Alternative water resources
Conventional water resources such as groundwater and surface water are depleting. Either they are polluted, drying up, or just not sufficient enough to provide water supply for the people. Alternatively, methods like Rainwater harvesting and Water reclamation are used in lieu of sustainable water management. This way, conventional water resources can replenish and reduce the shortage of supply. (Andersson, et al., 2016)
Rainwater Harvesting is the process of collecting rainwater from rooftops or open spaces then keeping it for later use. The water collected can be used for agricultural needs such as irrigation and land management. It can also be used domestically, for household chores such as washing, flushing, laundry, and if properly sanitized, filtered, and treated, for drinking.
In a tropical country like Philippines, typhoons and storms are prevalent. However, in areas like Metro Manila, despite of getting a fair share of rainfall, water shortage is still experienced. This is where rainwater harvesting comes in, since collecting rainwater and keeping it for later use will secure the water supply during summer instead of letting perfectly usable water go down the drain and flood the streets during rainy seasons.

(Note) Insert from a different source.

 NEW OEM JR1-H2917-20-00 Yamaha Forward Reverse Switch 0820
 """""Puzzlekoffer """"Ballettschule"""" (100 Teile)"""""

This system can be applied in almost any sectors that largely utilizes water, such as residential buildings, school grounds, factories, public buildings, and even farmlands. Currently in the Philippines, DPWH, as of 2016, is installing 187 rainwater collectors in public schools, and public markets where water is limited, in order to satisfy the increasing water supply demand and mitigate the frequent flooding in Western Visayas (PIA, 2016). On the other hand, cities like Quezon, Davao, Cebu, Mandaluyong, and Iloilo have implemented environmental programs and have adapted this system to preserve their current water resources (DOST, 2016).
Reclaimed water is the method of recycling and reusing wastewater for other purposes. Like rainwater, It can be used domestically, agriculturally, and recharge conventional water resources. Reusing water instead of groundwater for daily supply not only reduces water scarcity but eventually once the reclaimed water is discharged back into freshwater, it can no longer be a nuisance and pollute the water. Instead, it will be able to improve the ecosystem and replenish aquifers. (Bischel, et al., 2013)

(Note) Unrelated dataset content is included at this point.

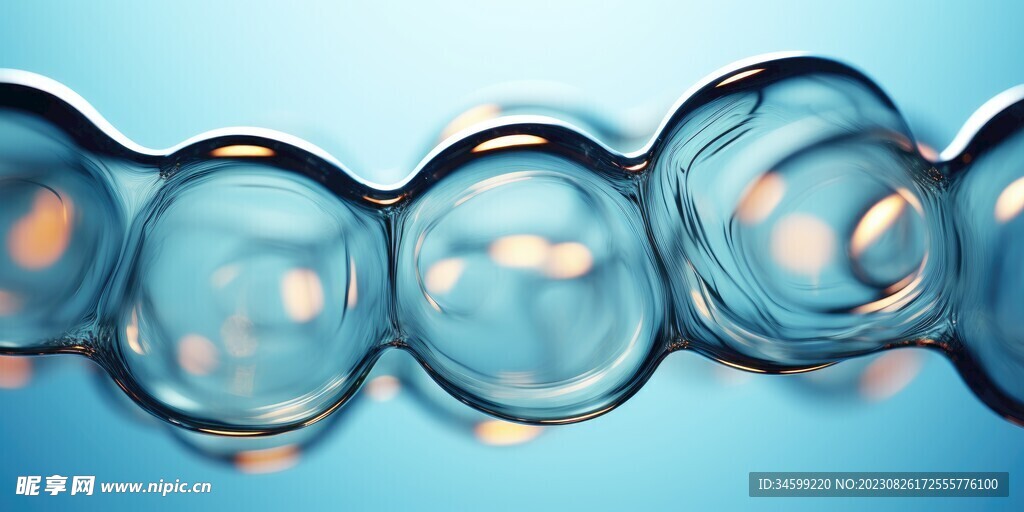 水分子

Reclaimed water is capable of fulfilling almost all of human water needs, as long as it is sufficiently treated to guarantee water quality suitable for utilization. Most commonly, recycled water are not used for drinking since health problems could be threatened in any case that the wastewater is contaminated or is not thoroughly treated for human consumption. Nonetheless, it is used in many different ways (EPA, n.d.). Architecturally, it could be used to make concrete, flush toilets, irrigate gardens and for fire protection, and aesthetic or recreational impoundments.

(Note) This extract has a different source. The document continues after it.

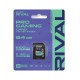 Goodram RIVAL M3AA microSD 64 GB 100 MB/s A2 klasės V30 atminties kortelė su adapteriu Goodram RIVAL M3AA microSD 64 GB 100 MB/s A2 klasės V30 atminties kortelė su adapteriu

Philippines struggle with wastewater management. But in 1995, a reform was made and regulatory frameworks were developed to lessen wastewater discharge and increase its reuse. The government and private agencies joined forces in order to accelerate the development with the goal that by 2028, the whole Metro Manila will have an efficient wastewater management system and reuse it safely. Through this, agencies and citizens involved are able to reduce water pollution and regenerated resources of food and water supply.